Madsen, who sits in second on the Pan Am Pro Series after six events, added that the bump-n-grind style of racing at the park today was a thrill … “That’s XTERRA,” he said. “When it’s close and competitive like that, it’s absolutely phenomenal.”

The battle for third was equally amazing. Rom Akerson, who beat Josiah and Karsten to win XTERRA Costa Rica in March, was in position to finish third but went the wrong way for a few strides just before the finish chute and ended up in a sprint finish with Brian Smith.

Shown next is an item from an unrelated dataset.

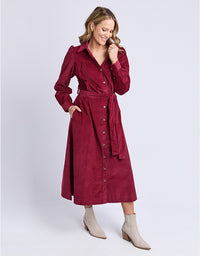 Serena Cord Dress - Maroon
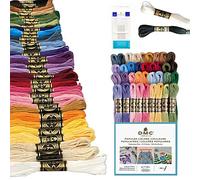 DMC Lot de fils à broder Couleurs populaires, le kit de fils à broder comprend 36 couleurs assorties avec DMC Mouline Cotton blanc/noir et aiguilles à main pour point de croix, taille 26.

“Rom and I were pretty close together all the way around until we got a quarter of a mile into the single track on the second lap,” said Smith. “He went by me and I said, “Great job, go ahead,” and I thought it was all over at that point. Then we got to the dam and he stopped to get water and I was close again, but he was still 10 seconds ahead. The finish wasn’t even going to be close, but he went left and had to run back towards me to get back on course and we ended up together down the finish chute. I gave it everything I could and got it by a lean at the line.”

Akerson, who was the first man into the bike-to-run transition, felt like he let one slip away today.

“I came off the bike and into transition first and then went out on the run and Josiah and Karsten caught me and they were running hard, but nothing I can’t normally keep up with. It was a fast pace, but nothing too hard, and then a couple hundred meters before the end of the first lap I got this pain in my chest, like a cramp or something.  I had to stop and sit down and put water on my head. I couldn’t even breath,” Akerson explained.  “I started running again and then Brian caught me and we ran together and ultimately he beat me over the line at the end there. It was a race I should have won today. I had it in my pocket.”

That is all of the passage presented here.